Short descriptive text snippets:
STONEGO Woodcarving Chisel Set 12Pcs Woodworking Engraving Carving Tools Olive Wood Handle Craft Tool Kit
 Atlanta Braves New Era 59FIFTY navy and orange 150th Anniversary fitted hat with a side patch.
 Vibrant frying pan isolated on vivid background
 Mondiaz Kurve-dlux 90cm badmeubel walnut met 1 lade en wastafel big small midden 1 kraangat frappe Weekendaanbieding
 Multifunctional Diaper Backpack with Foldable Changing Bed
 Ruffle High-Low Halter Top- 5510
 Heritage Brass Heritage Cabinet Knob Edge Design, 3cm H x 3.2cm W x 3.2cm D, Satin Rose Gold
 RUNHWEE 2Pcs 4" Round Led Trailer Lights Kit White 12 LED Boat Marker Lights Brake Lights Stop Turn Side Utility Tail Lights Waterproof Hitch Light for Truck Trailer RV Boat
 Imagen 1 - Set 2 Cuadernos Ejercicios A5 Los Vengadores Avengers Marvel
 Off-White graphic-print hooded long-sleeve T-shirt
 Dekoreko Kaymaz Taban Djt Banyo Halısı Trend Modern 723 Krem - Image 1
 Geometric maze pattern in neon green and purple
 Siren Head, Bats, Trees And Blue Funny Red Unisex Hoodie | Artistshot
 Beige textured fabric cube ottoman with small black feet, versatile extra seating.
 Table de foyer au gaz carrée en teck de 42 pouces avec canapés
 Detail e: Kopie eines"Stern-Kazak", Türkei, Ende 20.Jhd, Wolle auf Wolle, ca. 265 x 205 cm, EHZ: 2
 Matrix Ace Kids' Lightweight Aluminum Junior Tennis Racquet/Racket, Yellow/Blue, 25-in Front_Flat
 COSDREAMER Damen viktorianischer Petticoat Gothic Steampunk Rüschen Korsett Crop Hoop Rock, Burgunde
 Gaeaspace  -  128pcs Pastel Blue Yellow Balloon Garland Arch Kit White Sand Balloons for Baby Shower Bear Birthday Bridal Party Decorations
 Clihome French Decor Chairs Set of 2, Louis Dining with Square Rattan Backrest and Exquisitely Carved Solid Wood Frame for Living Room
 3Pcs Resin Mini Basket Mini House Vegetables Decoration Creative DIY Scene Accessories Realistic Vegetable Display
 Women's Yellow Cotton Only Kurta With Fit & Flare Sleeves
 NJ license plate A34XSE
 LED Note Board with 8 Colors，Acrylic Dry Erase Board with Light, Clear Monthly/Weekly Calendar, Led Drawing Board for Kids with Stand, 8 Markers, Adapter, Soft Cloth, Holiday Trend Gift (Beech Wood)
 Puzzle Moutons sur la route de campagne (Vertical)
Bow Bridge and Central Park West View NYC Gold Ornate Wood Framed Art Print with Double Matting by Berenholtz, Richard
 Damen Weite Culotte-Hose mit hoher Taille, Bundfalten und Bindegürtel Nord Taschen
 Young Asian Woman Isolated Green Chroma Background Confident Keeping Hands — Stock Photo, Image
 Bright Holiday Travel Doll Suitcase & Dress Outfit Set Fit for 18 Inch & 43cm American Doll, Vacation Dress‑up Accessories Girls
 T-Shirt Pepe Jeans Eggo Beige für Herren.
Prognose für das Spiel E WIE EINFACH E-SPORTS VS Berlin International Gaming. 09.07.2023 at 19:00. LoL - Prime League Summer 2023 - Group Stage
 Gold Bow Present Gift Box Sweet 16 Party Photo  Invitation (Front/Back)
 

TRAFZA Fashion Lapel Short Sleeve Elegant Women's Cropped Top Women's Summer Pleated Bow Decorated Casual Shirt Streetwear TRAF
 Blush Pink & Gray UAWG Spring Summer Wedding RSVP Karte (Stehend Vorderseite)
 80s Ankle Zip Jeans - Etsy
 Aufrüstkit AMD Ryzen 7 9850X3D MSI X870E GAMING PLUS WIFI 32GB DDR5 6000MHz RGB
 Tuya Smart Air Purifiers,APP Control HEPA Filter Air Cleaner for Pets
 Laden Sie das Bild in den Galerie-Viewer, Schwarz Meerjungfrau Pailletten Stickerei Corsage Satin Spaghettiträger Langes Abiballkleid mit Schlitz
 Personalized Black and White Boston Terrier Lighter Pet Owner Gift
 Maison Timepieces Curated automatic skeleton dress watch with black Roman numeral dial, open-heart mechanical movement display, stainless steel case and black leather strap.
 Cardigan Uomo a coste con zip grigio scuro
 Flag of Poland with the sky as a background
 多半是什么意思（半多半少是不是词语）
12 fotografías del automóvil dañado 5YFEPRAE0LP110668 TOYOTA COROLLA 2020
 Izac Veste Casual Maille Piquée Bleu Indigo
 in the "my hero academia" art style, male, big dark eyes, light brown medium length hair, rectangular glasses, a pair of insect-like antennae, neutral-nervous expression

**WORK TO BE COMPLETED:**
Restate the data above word for word, please.

**REPLY TO THE EXERCISE:**
STONEGO Woodcarving Chisel Set 12Pcs Woodworking Engraving Carving Tools Olive Wood Handle Craft Tool Kit
 Atlanta Braves New Era 59FIFTY navy and orange 150th Anniversary fitted hat with a side patch.
 Vibrant frying pan isolated on vivid background
 Mondiaz Kurve-dlux 90cm badmeubel walnut met 1 lade en wastafel big small midden 1 kraangat frappe Weekendaanbieding
 Multifunctional Diaper Backpack with Foldable Changing Bed
 Ruffle High-Low Halter Top- 5510
 Heritage Brass Heritage Cabinet Knob Edge Design, 3cm H x 3.2cm W x 3.2cm D, Satin Rose Gold
 RUNHWEE 2Pcs 4" Round Led Trailer Lights Kit White 12 LED Boat Marker Lights Brake Lights Stop Turn Side Utility Tail Lights Waterproof Hitch Light for Truck Trailer RV Boat
 Imagen 1 - Set 2 Cuadernos Ejercicios A5 Los Vengadores Avengers Marvel
 Off-White graphic-print hooded long-sleeve T-shirt
 Dekoreko Kaymaz Taban Djt Banyo Halısı Trend Modern 723 Krem - Image 1
 Geometric maze pattern in neon green and purple
 Siren Head, Bats, Trees And Blue Funny Red Unisex Hoodie | Artistshot
 Beige textured fabric cube ottoman with small black feet, versatile extra seating.
 Table de foyer au gaz carrée en teck de 42 pouces avec canapés
 Detail e: Kopie eines"Stern-Kazak", Türkei, Ende 20.Jhd, Wolle auf Wolle, ca. 265 x 205 cm, EHZ: 2
 Matrix Ace Kids' Lightweight Aluminum Junior Tennis Racquet/Racket, Yellow/Blue, 25-in Front_Flat
 COSDREAMER Damen viktorianischer Petticoat Gothic Steampunk Rüschen Korsett Crop Hoop Rock, Burgunde
 Gaeaspace  -  128pcs Pastel Blue Yellow Balloon Garland Arch Kit White Sand Balloons for Baby Shower Bear Birthday Bridal Party Decorations
 Clihome French Decor Chairs Set of 2, Louis Dining with Square Rattan Backrest and Exquisitely Carved Solid Wood Frame for Living Room
 3Pcs Resin Mini Basket Mini House Vegetables Decoration Creative DIY Scene Accessories Realistic Vegetable Display
 Women's Yellow Cotton Only Kurta With Fit & Flare Sleeves
 NJ license plate A34XSE
 LED Note Board with 8 Colors，Acrylic Dry Erase Board with Light, Clear Monthly/Weekly Calendar, Led Drawing Board for Kids with Stand, 8 Markers, Adapter, Soft Cloth, Holiday Trend Gift (Beech Wood)
 Puzzle Moutons sur la route de campagne (Vertical)
Bow Bridge and Central Park West View NYC Gold Ornate Wood Framed Art Print with Double Matting by Berenholtz, Richard
 Damen Weite Culotte-Hose mit hoher Taille, Bundfalten und Bindegürtel Nord Taschen
 Young Asian Woman Isolated Green Chroma Background Confident Keeping Hands — Stock Photo, Image
 Bright Holiday Travel Doll Suitcase & Dress Outfit Set Fit for 18 Inch & 43cm American Doll, Vacation Dress‑up Accessories Girls
 T-Shirt Pepe Jeans Eggo Beige für Herren.
Prognose für das Spiel E WIE EINFACH E-SPORTS VS Berlin International Gaming. 09.07.2023 at 19:00. LoL - Prime League Summer 2023 - Group Stage
 Gold Bow Present Gift Box Sweet 16 Party Photo  Invitation (Front/Back)
 

TRAFZA Fashion Lapel Short Sleeve Elegant Women's Cropped Top Women's Summer Pleated Bow Decorated Casual Shirt Streetwear TRAF
 Blush Pink & Gray UAWG Spring Summer Wedding RSVP Karte (Stehend Vorderseite)
 80s Ankle Zip Jeans - Etsy
 Aufrüstkit AMD Ryzen 7 9850X3D MSI X870E GAMING PLUS WIFI 32GB DDR5 6000MHz RGB
 Tuya Smart Air Purifiers,APP Control HEPA Filter Air Cleaner for Pets
 Laden Sie das Bild in den Galerie-Viewer, Schwarz Meerjungfrau Pailletten Stickerei Corsage Satin Spaghettiträger Langes Abiballkleid mit Schlitz
 Personalized Black and White Boston Terrier Lighter Pet Owner Gift
 Maison Timepieces Curated automatic skeleton dress watch with black Roman numeral dial, open-heart mechanical movement display, stainless steel case and black leather strap.
 Cardigan Uomo a coste con zip grigio scuro
 Flag of Poland with the sky as a background
 多半是什么意思（半多半少是不是词语）
12 fotografías del automóvil dañado 5YFEPRAE0LP110668 TOYOTA COROLLA 2020
 Izac Veste Casual Maille Piquée Bleu Indigo
 in the "my hero academia" art style, male, big dark eyes, light brown medium length hair, rectangular glasses, a pair of insect-like antennae, neutral-nervous expression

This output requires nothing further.